Tocca ora a Gaetano Pecorella. Annuncia apocalissi. Esordisce. Siete voi i primi, signori giudici, ad avere la consapevolezza che la vostra sentenza potrà cambiare la storia del nostro Paese e inciderà sull'immagine dell'Italia davanti al mondo. Ci siamo. La butta in politica. Dice. Questo è un processo politico. Lo è per come è nato. Lo è per il contesto politico in cui è nato.

Lo è per le fallaci logiche dell'accusa, sintomo del pregiudizio, dell'accanimento giudiziario, dell'intento di "stroncare" Silvio Berlusconi, come disse un pm, oggi esponente di una forza politica di opposizione (è Di Pietro). Pecorella si concentra su un solo obiettivo. Stefania Ariosto. E' dalle sue parole che si muove l'inchiesta, perché si decide a dirle? L'avvocato scova una frase in un'intervista della testimone (Panorama).

Dice l'Ariosto: "Non voglio dire che Vittorio Dotti mi ha armato la mano, ma la mente sì...". E ancora: "Erano in tanti ad armarmi il braccio... alcuni amici con i quali condividevo determinate idee politiche...". Il presidente Castellano gongola. Pecorella muove allora per una lenta, sistematica, sapiente, micidiale distruzione della testimone e della sua testimonianza.

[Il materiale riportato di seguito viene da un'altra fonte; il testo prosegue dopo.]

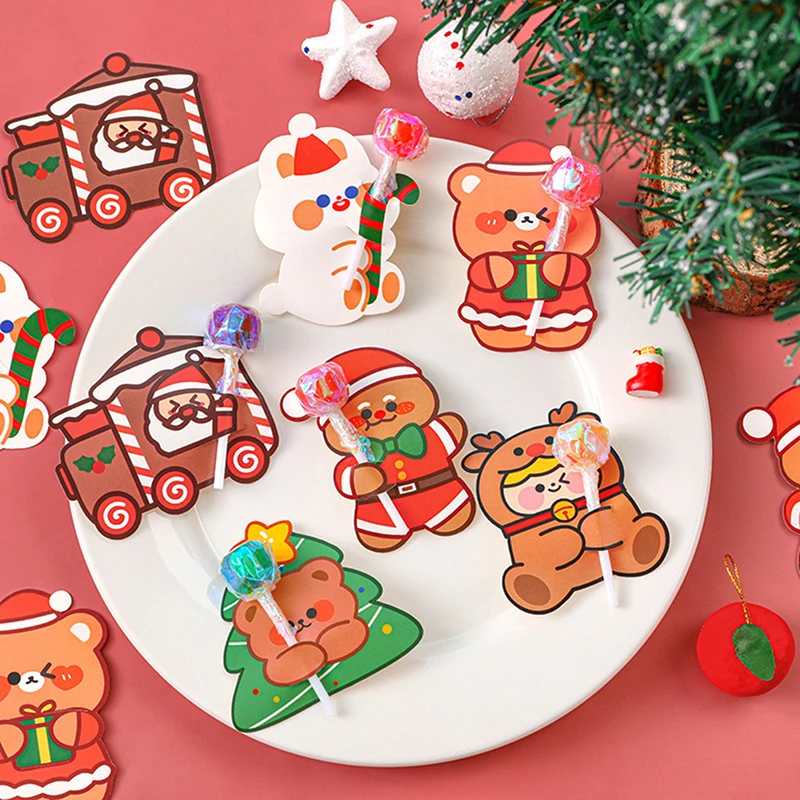 

5Pcs Cartoons Lollipop Cards Christmas Decorations for Home Kids Snowman Santa Lollipop Package Decor Christmas New Year Gifts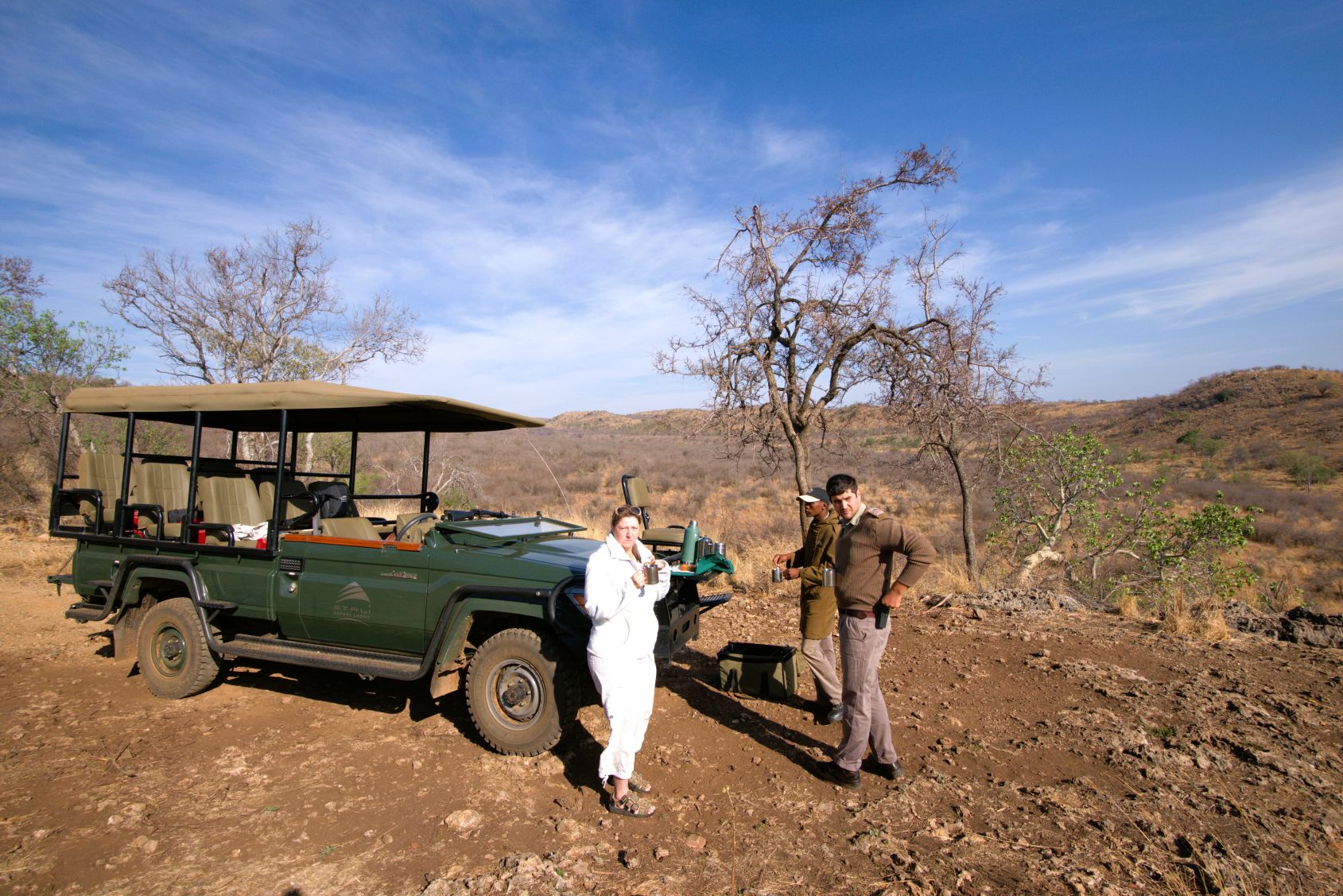 Our coffee stop on our morning game drive at Etali Safari Lodge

Sono evocate contraddizioni, incongruenze, ricordi sfocati. Dovrebbe essere il momento clou dell'udienza. E' il più prevedibile. La storia è nota. Da anni ogni parola di Stafania Ariosto è stata vagliata con la cartavetro. Ogni passo è stato già valutato. Ha scritto nelle motivazioni, il tribunale che ha condannato Previti, Pacifico e Squillante per la stessa corruzione di cui risponde ora Berlusconi. "Che la teste sia incorsa in confusioni, non ricordi le date, non sia in grado di collocare esattamente nel tempo l'episodio delle dazioni di denaro a Squillante è solo normale...

L'Ariosto è stata diffamata alla grande, con la predisposizione e divulgazione di documenti accertati falsi che sono comparsi in un momento particolare della indagini, accreditando un'immagine di calunniatrice a pagamento e per giunta al solo dei servizi segreti... Nulla, proprio nulla di concreto e soprattutto di oggettivo emerge a indicare illecite gestioni della fonte da parte di nessuno...". La sua testimonianza, per di più, non è decisiva. Quel che offre alle indagini la Ariosto, scrivono i giudici, è "un ritratto d'ambiente che da solo, quand'anche descritto da una teste attendibile, non è sufficiente ad attribuire responsabilità sul piano processuale".

Il processo contro Berlusconi non è nelle parole della Ariosto, ma "nelle risultanze frutto delle più tipiche investigazioni, come pedinamenti, esiti di intercettazioni, documenti bancari, dichiarazioni, ordini telefonici, appunti di funzionari di banca, attestazioni dei titolari di conti e quant'altro di documentato nei rapporti tra la banca ordinante e destinatario delle operazioni". Da questo ginepraio scivoloso, Pecorella, come Ghedini, si tiene lontano. Preferisce ammonire i giudici. La vostra sentenza sarà storica. Anche il presidente del collegio fa finalmente di pietra il suo volto. Il dibattimento è concluso. Giovedì tocca a lui, Francesco Castellano, e a Stefania Abate e Fabiana Mastrominico. Berlusconi è innocente o colpevole o colpevole con le attenuanti generiche, e quindi libero perché il reato è prescritto?